6) If everything remains in order, your health insurance claim should be approved in 30-40 days
Claim Process For Reimbursement from Multiple Insurers:
1) At the time of hospitalisation, send the information to all the insurers.
2) After getting discharged, select the insurance provider with which you want to file the claim first and fill their claim form.
3) Attach all relevant and required documents such as medical reports, hospital bills, discharge summary and any other supporting documents in original, with the claim form and submit to first insurer.

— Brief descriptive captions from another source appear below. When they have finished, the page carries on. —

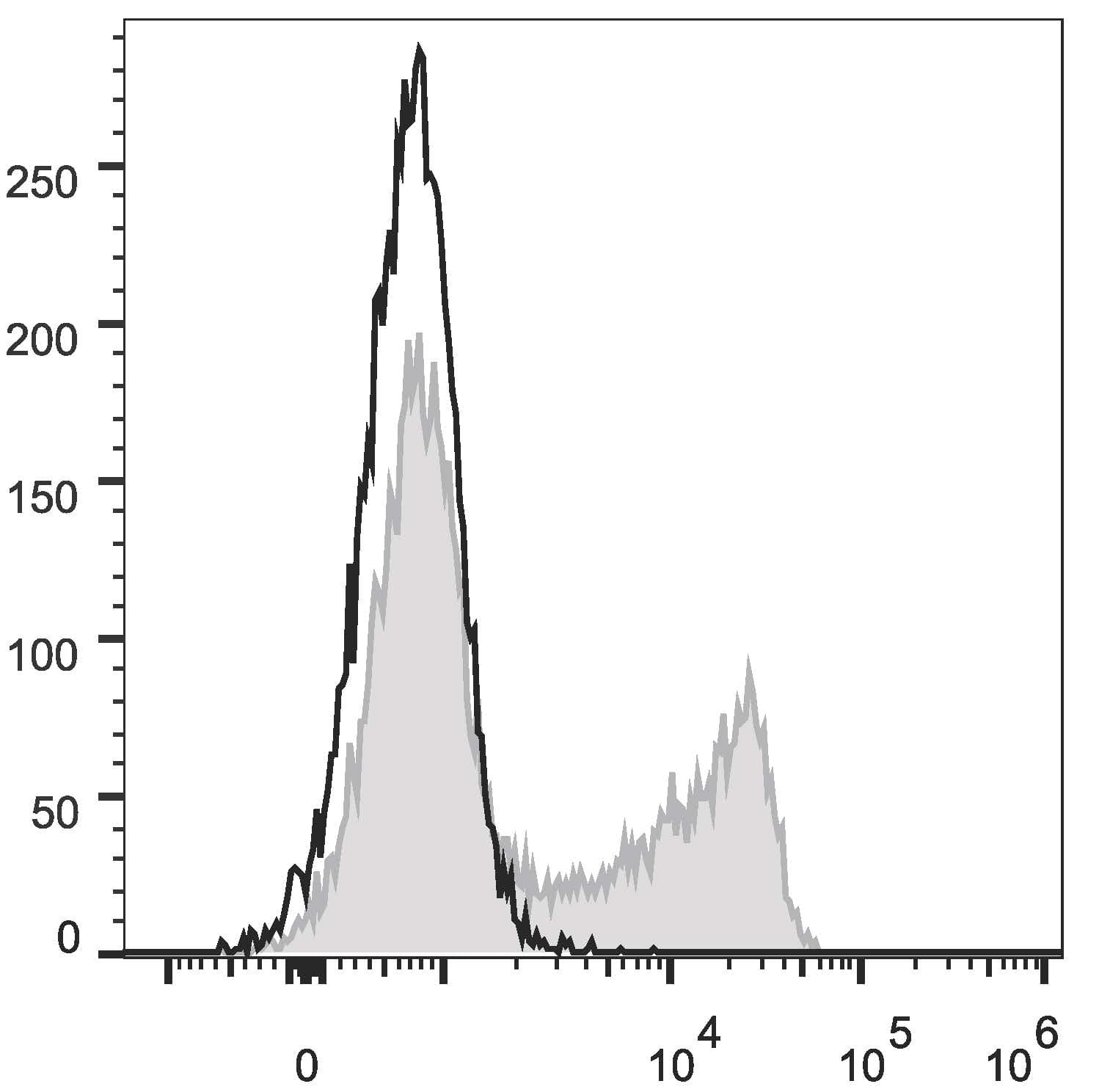 CD45RO Antibody (clone UCHL1, FITC)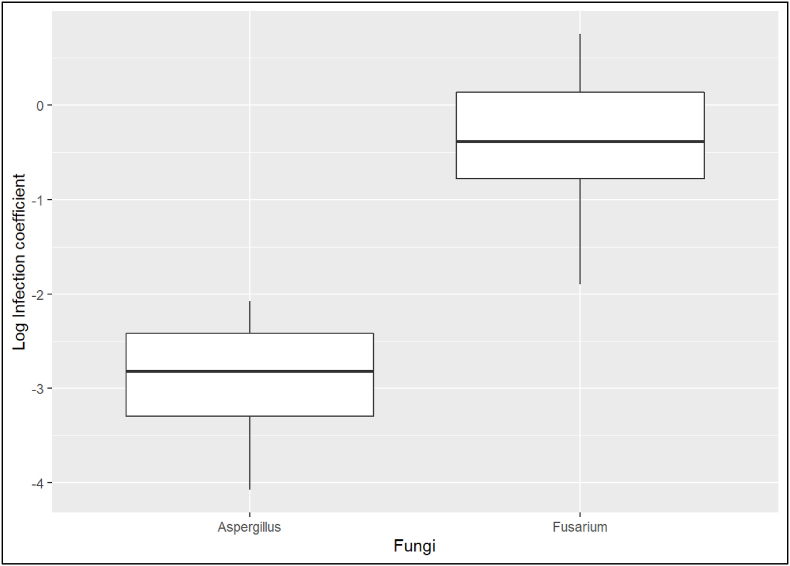 Efficacy of electron beam irradiation in reduction of mycotoxin-producing fungi, aflatoxin, and fumonisin, in naturally contaminated maize slurry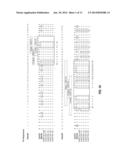 ANTI-CD79B ANTIBODIES AND IMMUNOCONJUGATES diagram and image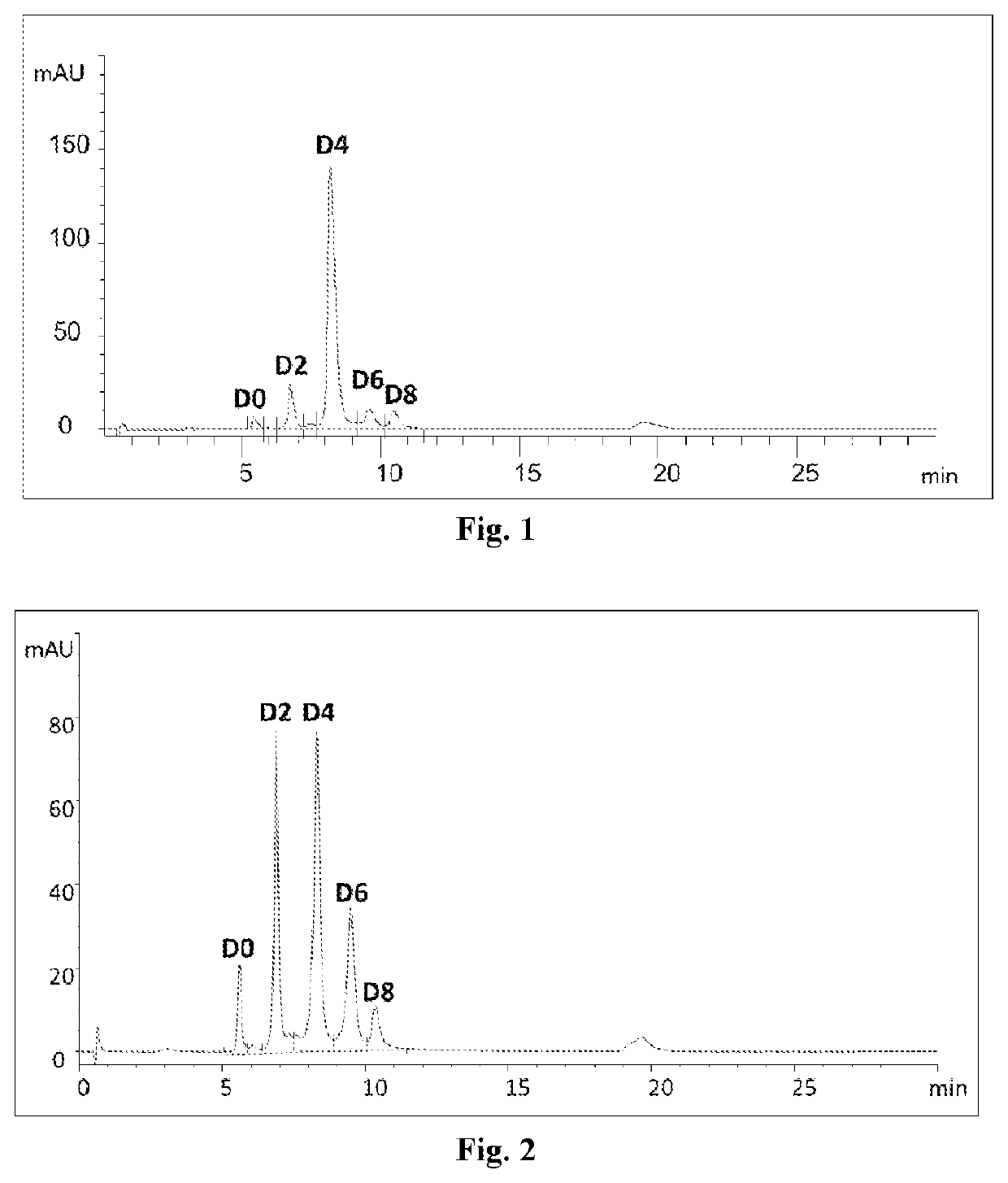 Process for preparing antibody-drug conjugates with improved homogeneity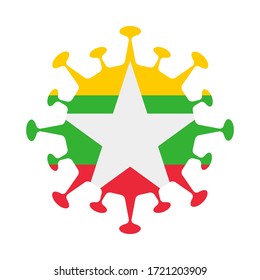 Myanmar's flag inside a virus symbol. Vector illustration.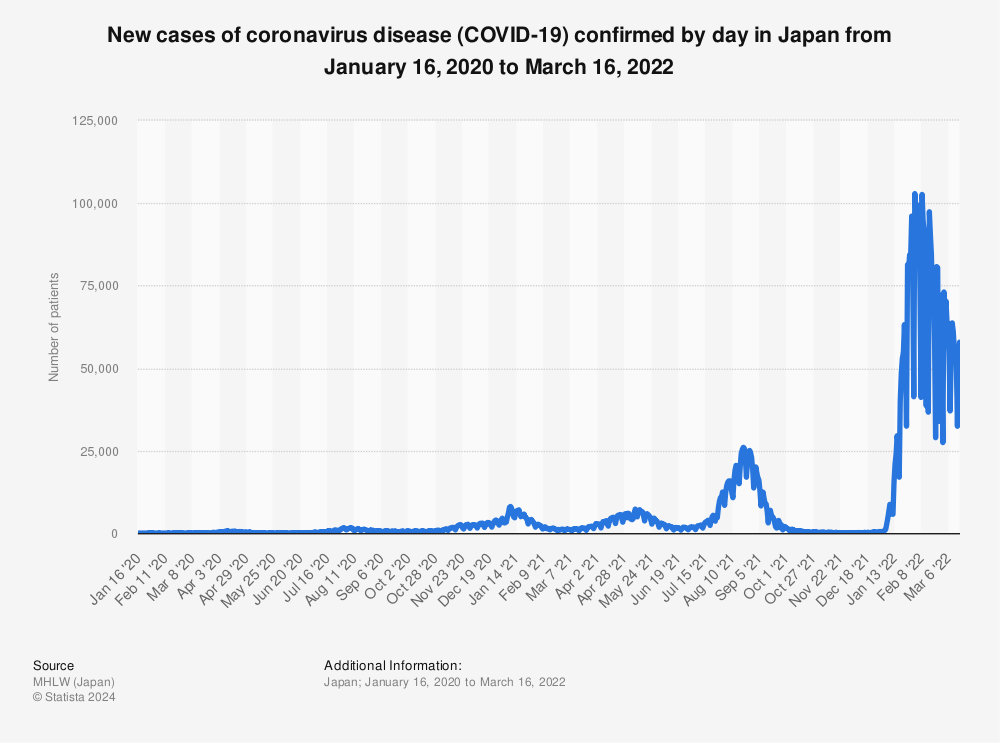 Statistic: New cases of coronavirus disease (COVID-19) confirmed by day in Japan from January 14 to April 4, 2020 | Statista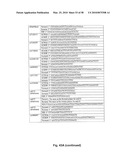 POLYMORPHISMS IN GENES AFFECTING CNS DISORDERS AND USES THEREOF diagram and image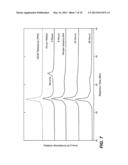 Refolding of Recombinant Proteins diagram and image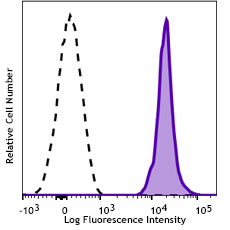 PE anti-mouse CD48 Recombinant Antibody (108003)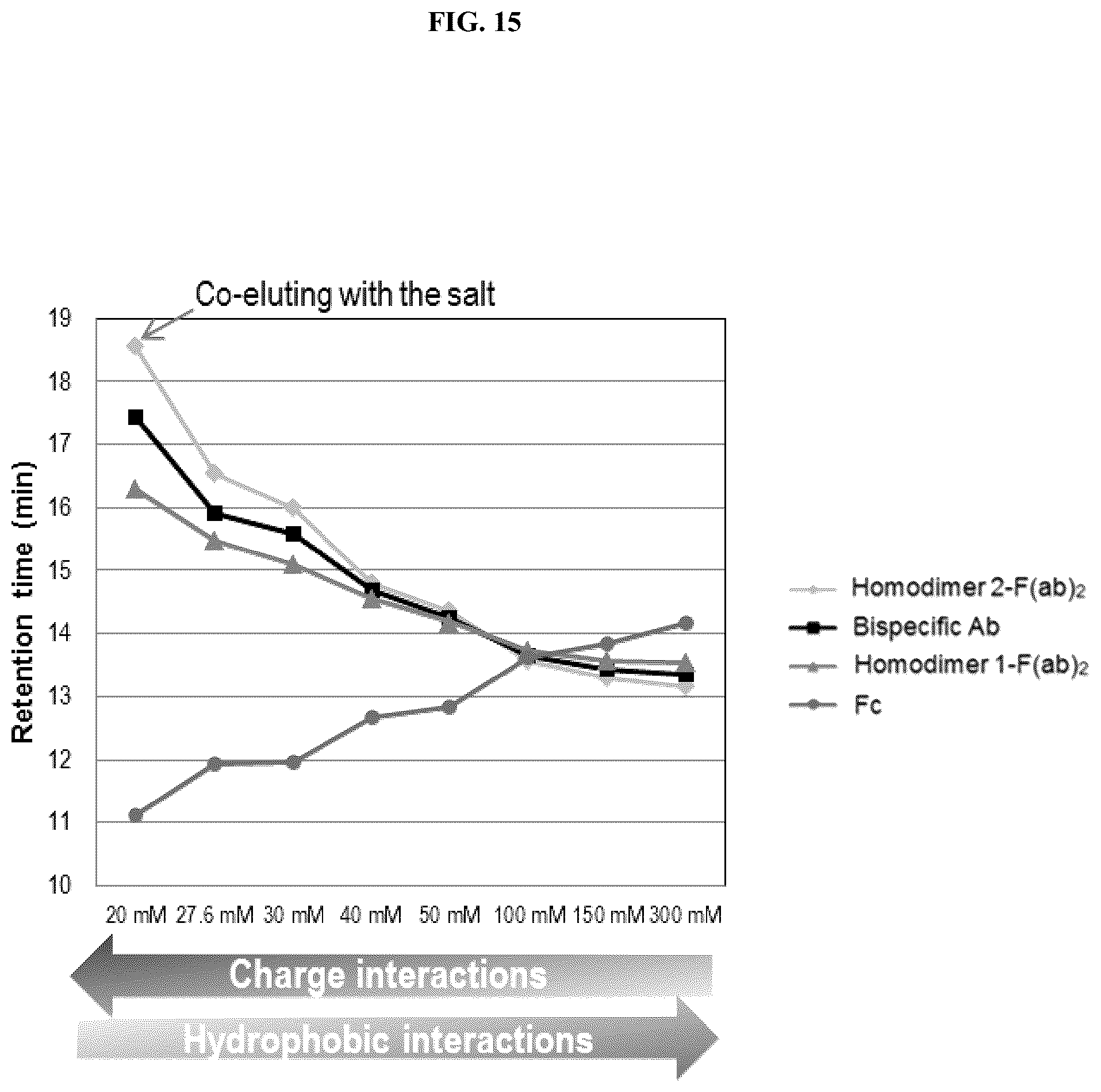Patent US12320790 Figure 15 – Method and system of identifying and quantifying antibody fragmentation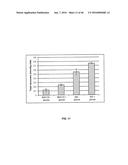 IN VIVO AND IN VITRO OLEFIN CYCLOPROPANATION CATALYZED BY HEME ENZYMES diagram and image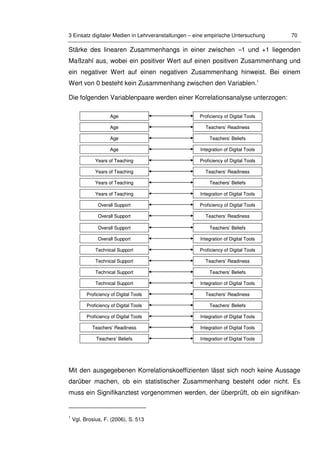 3 Einsatz digitaler Medien in Lehrveranstaltungen – eine empirische Untersuchung 70
Stärke des linearen Zusammenhangs in einer zwischen –1 und +1 liegenden
Maßzahl aus, wobei ein positiver Wert auf einen positiven Zusammenhang und
ein negativer Wert auf einen negativen Zusammenhang hinweist. Bei einem
Wert von 0 besteht kein Zusammenhang zwischen den Variablen.1
Die folgenden Variablenpaare werden einer Korrelationsanalyse unterzogen:
Mit den ausgegebenen Korrelationskoeffizienten lässt sich noch keine Aussage
darüber machen, ob ein statistischer Zusammenhang besteht oder nicht. Es
muss ein Signifikanztest vorgenommen werden, der überprüft, ob ein signifikan-
1
Vgl. Brosius, F. (2006), S. 513
Technical Support Teachers’ Beliefs
Technical Support Integration of Digital Tools
Technical Support Teachers’ Readiness
Technical Support Proficiency of Digital Tools
Overall Support Integration of Digital Tools
Proficiency of Digital Tools Teachers’ Readiness
Proficiency of Digital Tools Teachers’ Beliefs
Proficiency of Digital Tools Integration of Digital Tools
Teachers’ Readiness Integration of Digital Tools
Overall Support Teachers’ Beliefs
Teachers’ Beliefs Integration of Digital Tools
Technical Support Teachers’ Beliefs
Technical Support Integration of Digital Tools
Technical Support Teachers’ Readiness
Technical Support Proficiency of Digital Tools
Overall Support Integration of Digital Tools
Proficiency of Digital Tools Teachers’ Readiness
Proficiency of Digital Tools Teachers’ Beliefs
Proficiency of Digital Tools Integration of Digital Tools
Teachers’ Readiness Integration of Digital Tools
Overall Support Teachers’ Beliefs
Teachers’ Beliefs Integration of Digital Tools
Years of Teaching Proficiency of Digital Tools
Years of Teaching Teachers’ Readiness
Age Integration of Digital Tools
Age Teachers’ Beliefs
Age Teachers’ Readiness
Years of Teaching Teachers’ Beliefs
Years of Teaching Integration of Digital Tools
Overall Support Proficiency of Digital Tools
Overall Support Teachers’ Readiness
Age Proficiency of Digital Tools
Years of Teaching Proficiency of Digital Tools
Years of Teaching Teachers’ Readiness
Age Integration of Digital Tools
Age Teachers’ Beliefs
Age Teachers’ Readiness
Years of Teaching Teachers’ Beliefs
Years of Teaching Integration of Digital Tools
Overall Support Proficiency of Digital Tools
Overall Support Teachers’ Readiness
Age Proficiency of Digital Tools
 
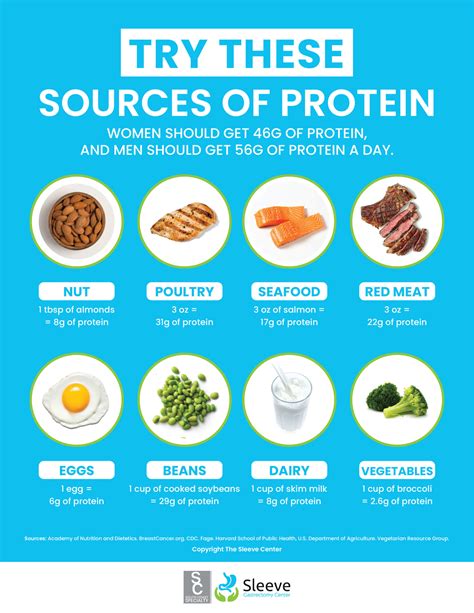 What is the number 1 best source of protein?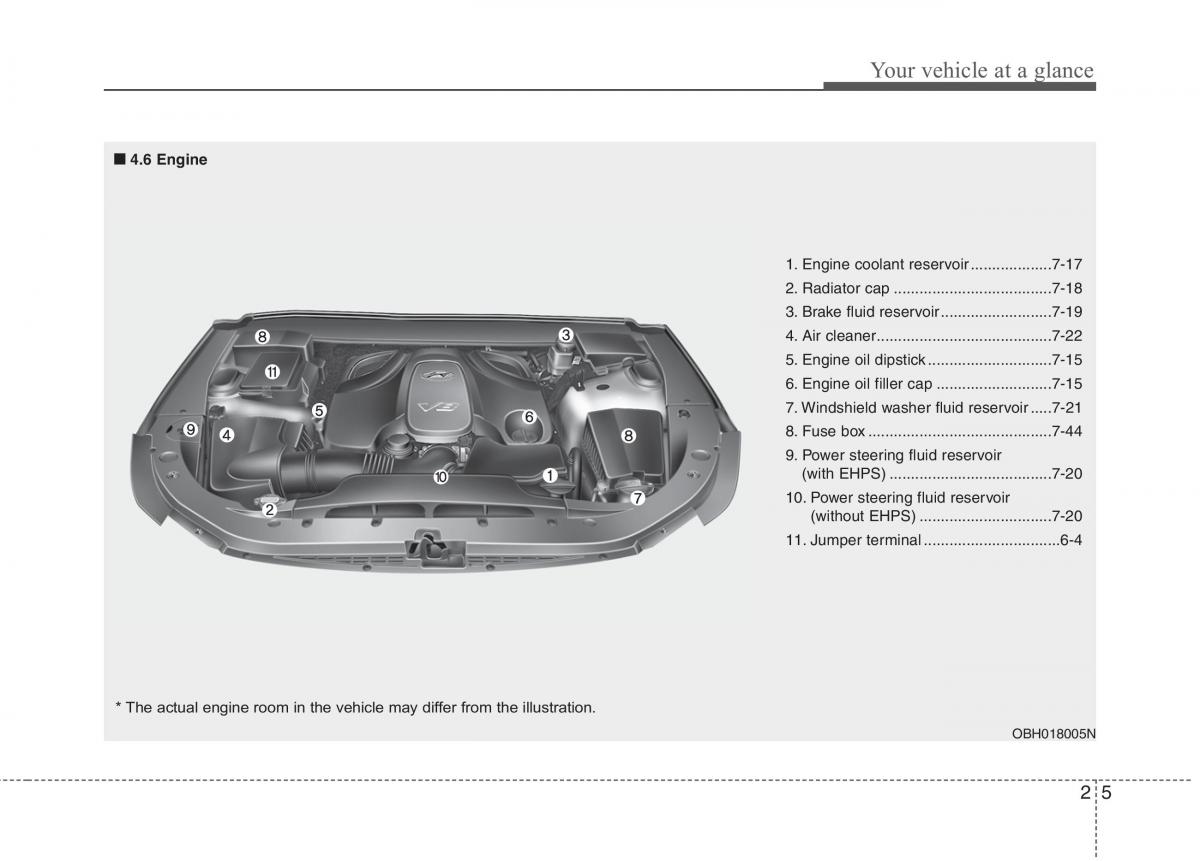 Hyundai Genesis I 1 owners manual / page 19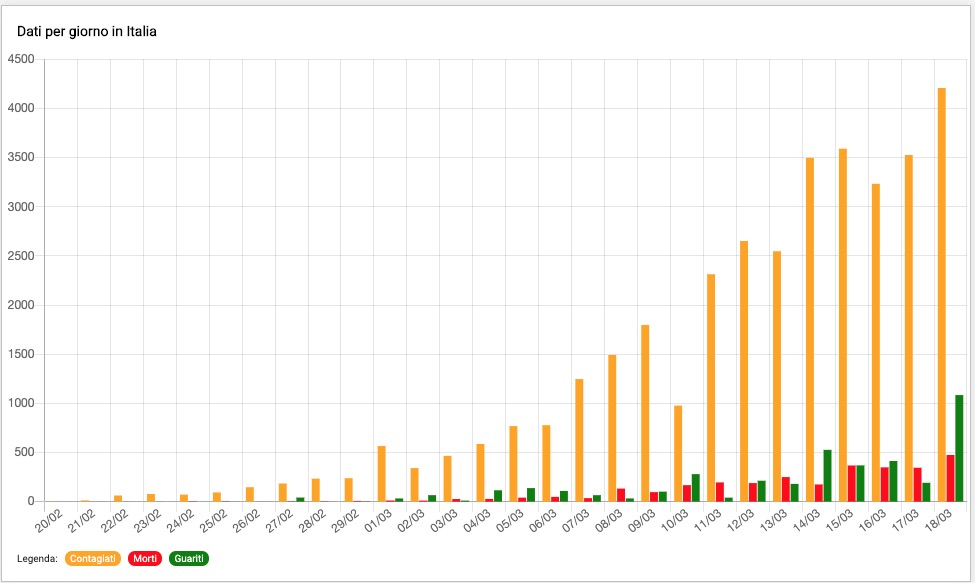 Graph showing peak in Corona Virus cases in Italy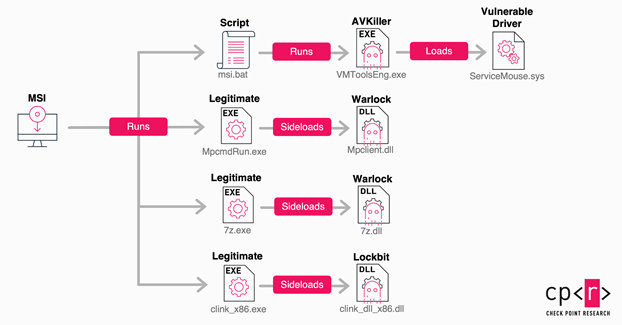 virusbtn's tweet image. Check Point Research analysed Storm-2603, a threat actor associated with recent ToolShell exploitations, as well as other Chinese APT groups. Storm-2603 utilizes a custom malware C2 framework, referred to internally by the attacker as “ak47c2”. research.checkpoint.com/2025/before-to…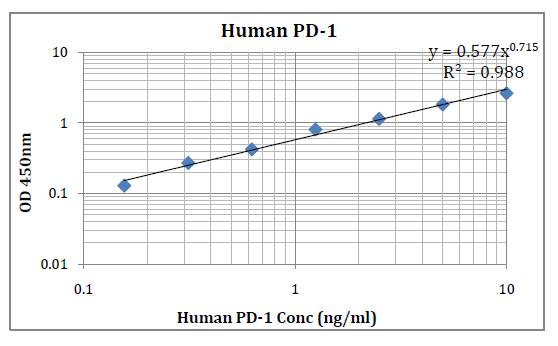 Human PD-1 (Programmed Cell Death Protein1) Pre-Coated ELISA Kit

4) For multiple claims with multiple insurers, photocopies are not acceptable as per terms of the claim. Make sure to collect multiple attested copies of all documents from the hospital to be submitted to other insurers.
5) Once the first insurance company settles the claim, they will issue a letter confirming that they have the original documents, and the claim is settled.
6) Attach this letter with the form and set of documents, to be submitted to the second insurer. In a cover letter, state clearly that you have received X amount from another insurer against your claim!
7) Follow up and coordinate with TPA to make sure all the documentation is complete and claim is processed.
8) If everything remains in order, your health insurance claim should be approved in 30
9) For more insurers, repeat the same process.
Remember, if your documentation is in order and you have taken care of all the requirements, no insurance company can deny your health insurance claims.